▶ _Your instructions_: The output should be the listing below, limited to the lines from the one with "Suppose we have" through the one with "My wine of the week is", exact and without pictures.

▶ _Data shown_:
* * * * *

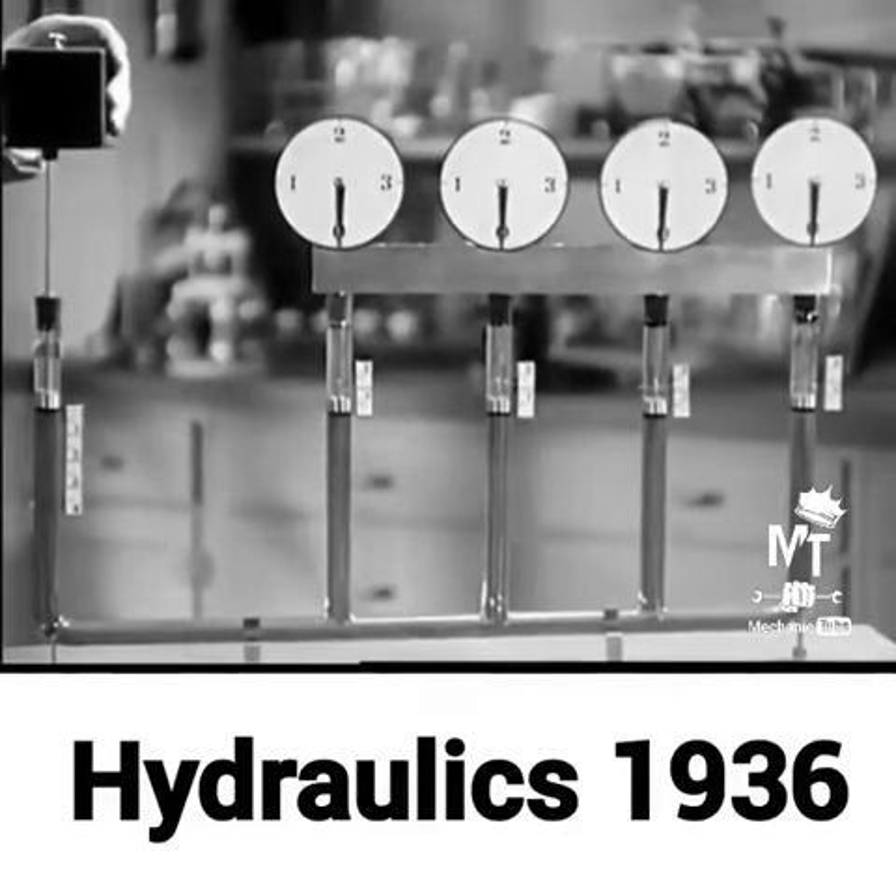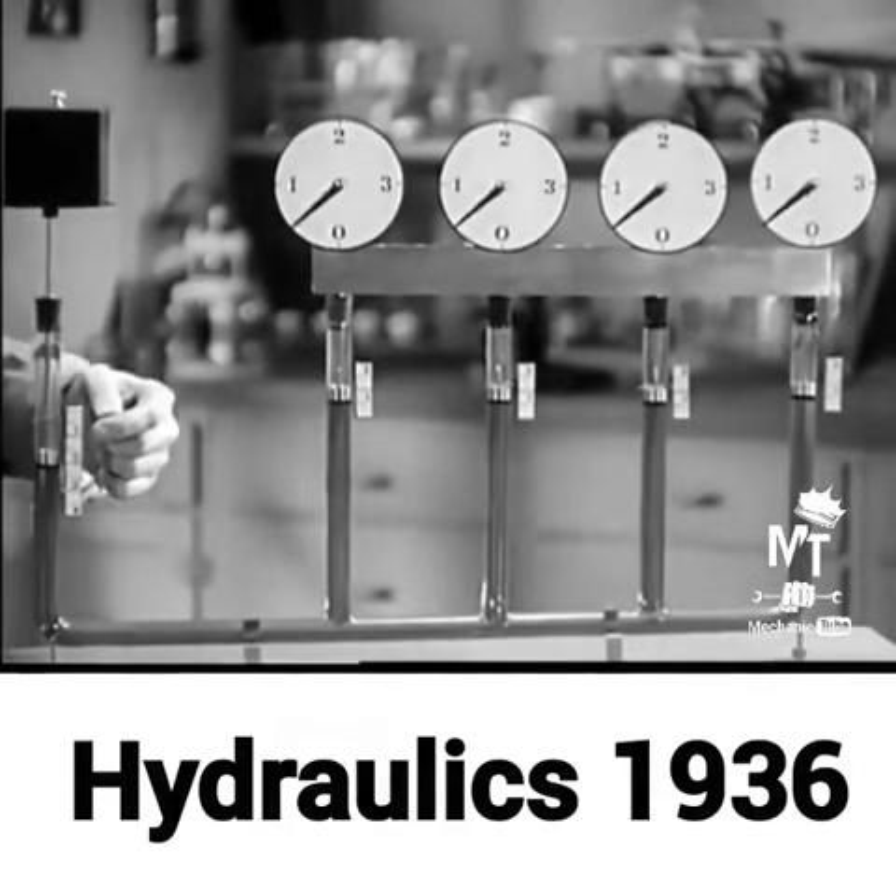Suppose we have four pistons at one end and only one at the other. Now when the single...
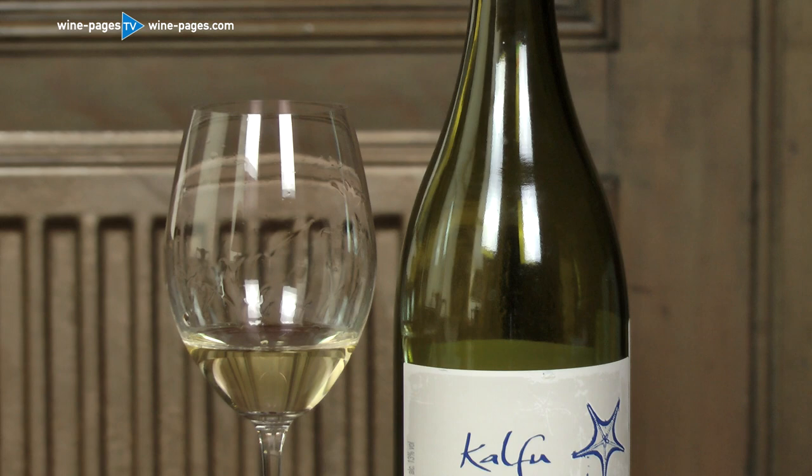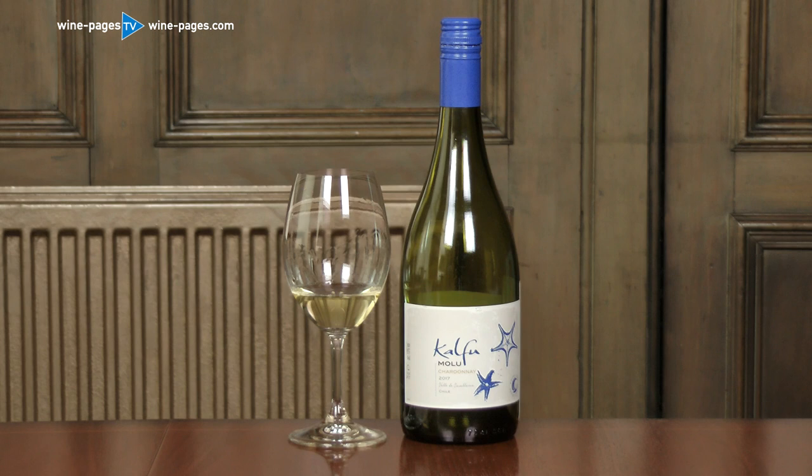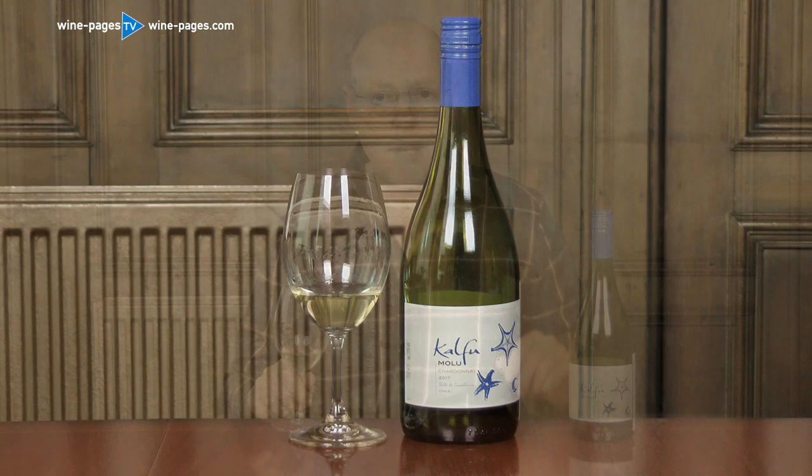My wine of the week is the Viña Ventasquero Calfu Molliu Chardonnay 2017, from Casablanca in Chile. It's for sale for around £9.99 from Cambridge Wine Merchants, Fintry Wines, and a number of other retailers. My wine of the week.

* * * * *

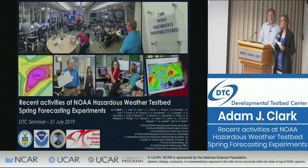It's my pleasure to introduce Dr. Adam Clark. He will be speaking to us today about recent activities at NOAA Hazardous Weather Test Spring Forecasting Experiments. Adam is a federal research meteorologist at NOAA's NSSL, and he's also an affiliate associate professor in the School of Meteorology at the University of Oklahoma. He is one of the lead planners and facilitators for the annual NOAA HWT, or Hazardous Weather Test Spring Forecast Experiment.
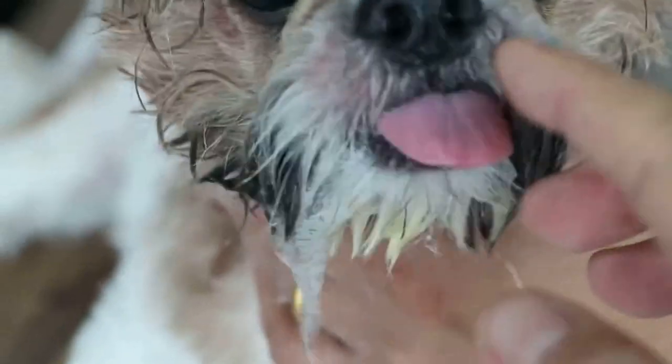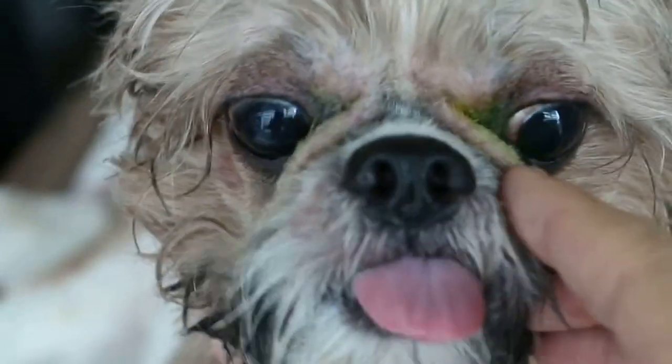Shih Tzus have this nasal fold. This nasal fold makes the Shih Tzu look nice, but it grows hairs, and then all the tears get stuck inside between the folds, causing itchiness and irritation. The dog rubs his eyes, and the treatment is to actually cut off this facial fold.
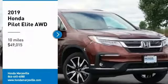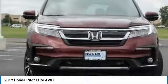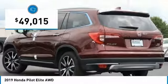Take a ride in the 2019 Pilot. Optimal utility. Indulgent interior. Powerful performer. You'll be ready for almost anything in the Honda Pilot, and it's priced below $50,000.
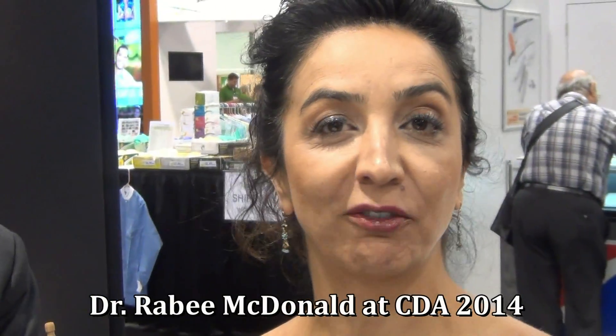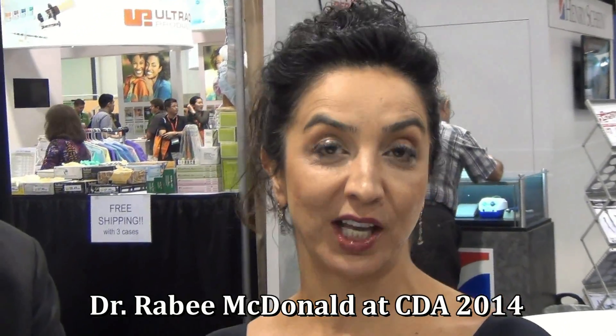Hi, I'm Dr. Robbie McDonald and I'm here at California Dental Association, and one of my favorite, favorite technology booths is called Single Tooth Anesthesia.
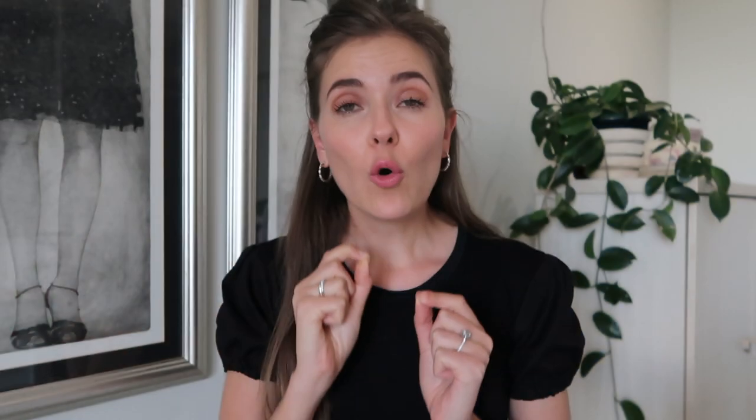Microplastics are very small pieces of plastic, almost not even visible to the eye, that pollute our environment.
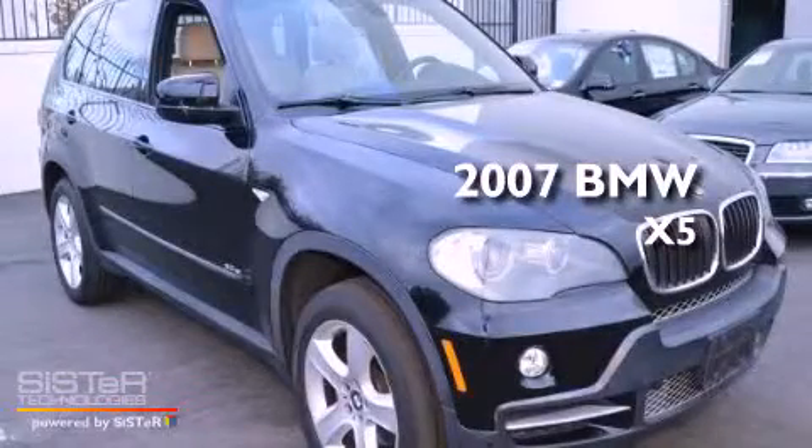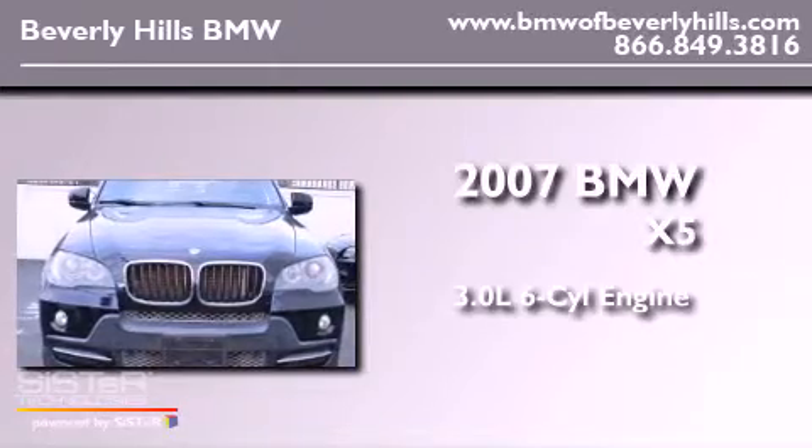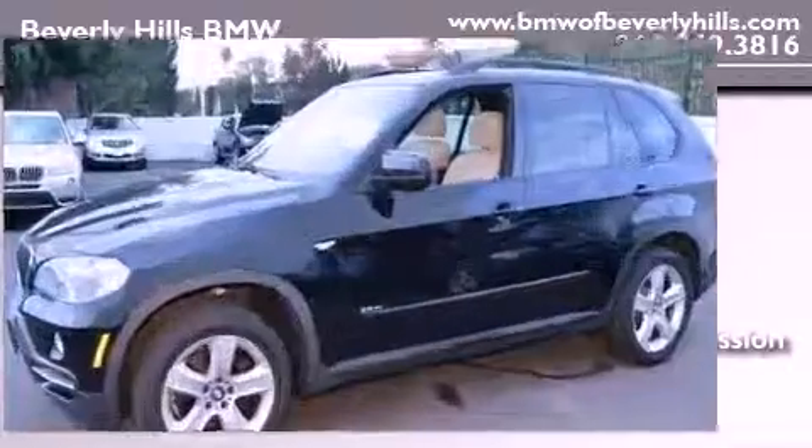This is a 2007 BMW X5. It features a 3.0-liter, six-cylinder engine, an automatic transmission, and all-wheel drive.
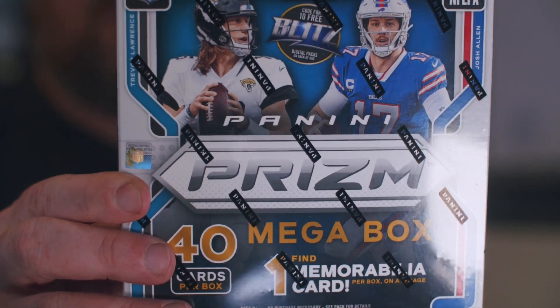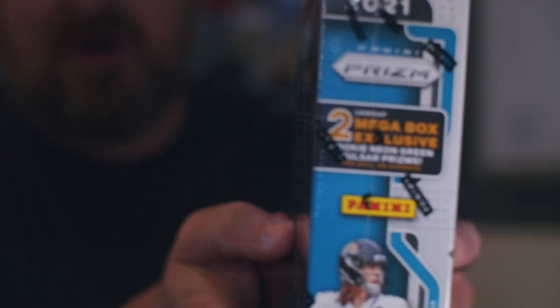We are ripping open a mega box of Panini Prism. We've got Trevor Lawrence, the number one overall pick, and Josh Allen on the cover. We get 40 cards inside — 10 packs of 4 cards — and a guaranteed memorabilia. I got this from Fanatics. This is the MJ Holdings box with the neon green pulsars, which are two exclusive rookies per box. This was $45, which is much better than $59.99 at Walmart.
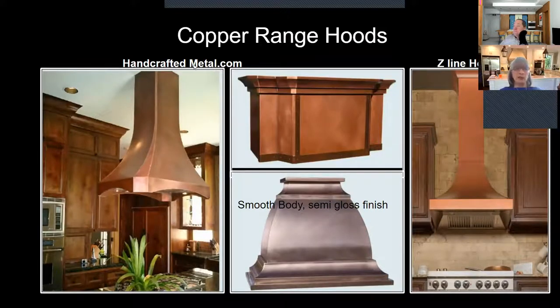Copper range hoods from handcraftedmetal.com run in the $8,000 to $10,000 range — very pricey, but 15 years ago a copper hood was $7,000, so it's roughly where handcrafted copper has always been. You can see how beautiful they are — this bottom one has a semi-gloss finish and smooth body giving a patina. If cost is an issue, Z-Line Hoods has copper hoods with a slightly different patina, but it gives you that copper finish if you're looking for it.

* * * * *

▶ _Answer to this task_:
Suppose we have four pistons at one end and only one at the other. Now when the single...
My wine of the week is the Viña Ventasquero Calfu Molliu Chardonnay 2017, from Casablanca in Chile. It's for sale for around £9.99 from Cambridge Wine Merchants, Fintry Wines, and a number of other retailers. My wine of the week.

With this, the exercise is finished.